A. Express Preemption Under § 1144(a)

Defendant first contends that the Court has subject matter jurisdiction under 29 U.S.C. § 1144(a) and that Plaintiffs' claims should be dismissed with prejudice. (See ECF No. 11, PageID.221-223.) The Court does not agree.

When a case is removed to federal court, “[t]he presence or absence of federal-question jurisdiction is governed by the ‘well-pleaded complaint rule,' which provides that federal jurisdiction exists only when a federal question is presented on the face of the plaintiff's properly pleaded complaint.” Caterpillar, Inc. v. Williams, 482 U.S. 386, 392 (1987). “Thus, ‘the existence of a federal defense normally does not create' federal-question jurisdiction.” Gardner v. Heartland Indus. Partners, LP, 715 F.3d 609, 612 (6th Cir. 2013) (quoting Aetna Health Inc. v. Davila, 542 U.S. 200, 207 (2004)).
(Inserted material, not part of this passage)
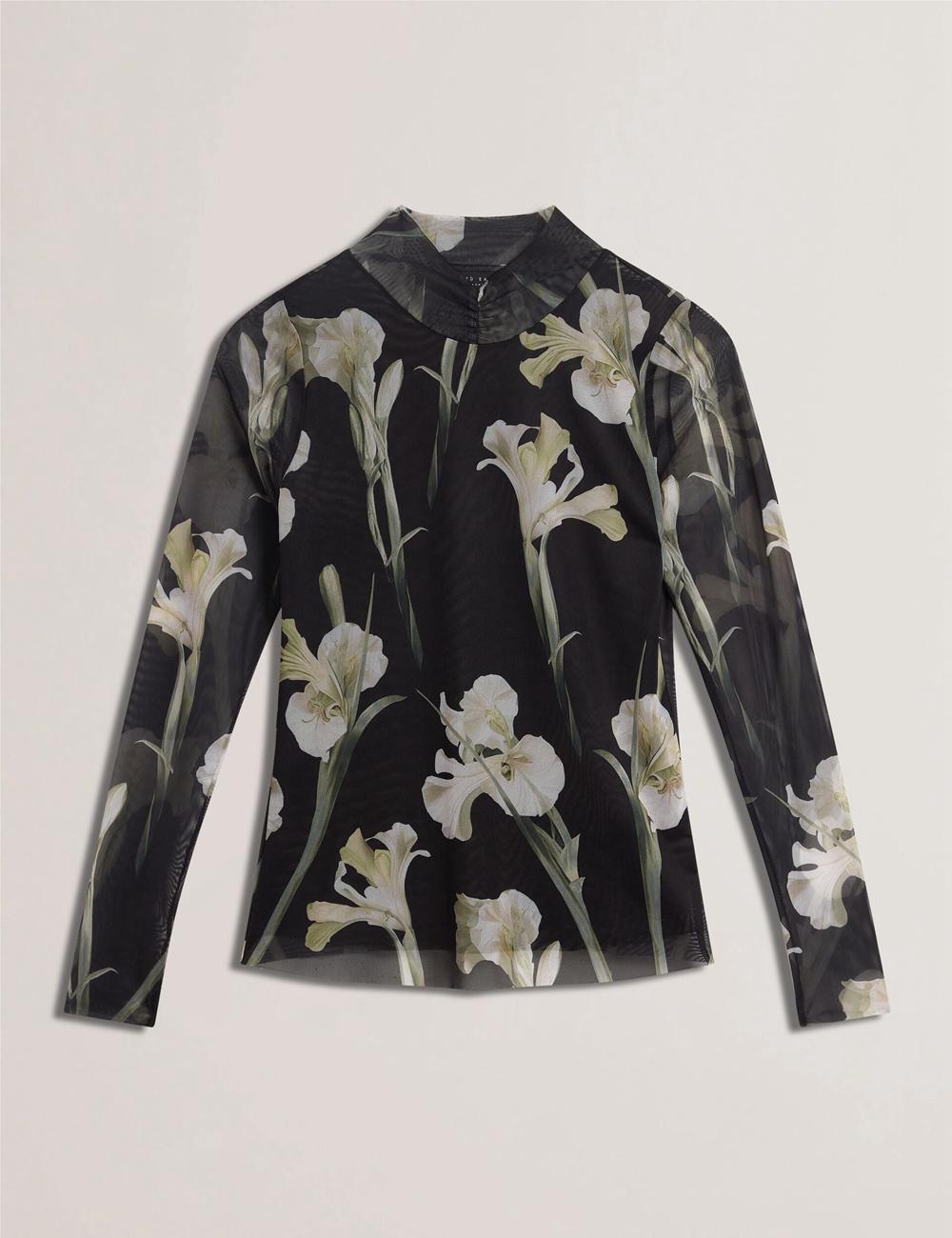 Women Ted Baker FIAAHH - Floral Print High Neck Sheer Mesh Tops Black | IUGF93876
Under § 1144(a), ERISA expressly preempts “any and all State laws insofar as they may now or hereafter relate to any employee benefit plan” subject to ERISA. 29 U.S.C. § 1144(a). “Courts have interpreted this clause to preempt state laws that specifically mention ERISA, state laws ‘where the existence of ERISA plans is essential to the law's operation,' and state laws ‘with an impermissible connection with ERISA plans[.]'” K.B. v. Methodist Healthcare - Memphis Hosps., 929 F.3d 795, 800 (6th Cir. 2019) (alteration in original) (quoting Gobeille v. Liberty Mut. Ins. Co., 577 U.S. 312, 320 (2016)). “But simply because a state law claim might fall within § 1144(a)'s broad preemptive reach does not alone suffice to take it outside the normal rule that a federal preemption defense does not make a case with state law claims removable to federal court under §§ 1331 and 1441(a).” Id. (citing Gardner, 715 F.3d at 612). For this reason, the Sixth Circuit has consistently held that preemption under § 1144(a) cannot provide a basis for removal to federal court. See id.; see also Gardner, 715 F.3d at 612 (“That a state-law claim is preempted under § 1144(a) is no basis to remove the case from state court to federal.”); Loffredo v. Daimler AG, 500 Fed.Appx. 491, 500 (6th Cir. 2012) (opinion of Moore, J.) (“[E]xpress preemption under § 1144 is a defense; it is grounds for dismissal, but not for removal.”); Wright v. Gen. Motors Corp., 262 F.3d 610, 614 (6th Cir. 2001) (“ERISA's § 1144 preemption provision does not assure that claims preempted by ERISA are necessarily removable[.]”); Warner v. Ford Motor Co., 46 F.3d 531, 534 (6th Cir. 1995) (“[Section] 1144 preemption does not create a federal cause of action itself, and cannot convert a state cause of action into a federal cause of action under the well-pleaded complaint rule. As a consequence, no removal jurisdiction exists under § 1144.”).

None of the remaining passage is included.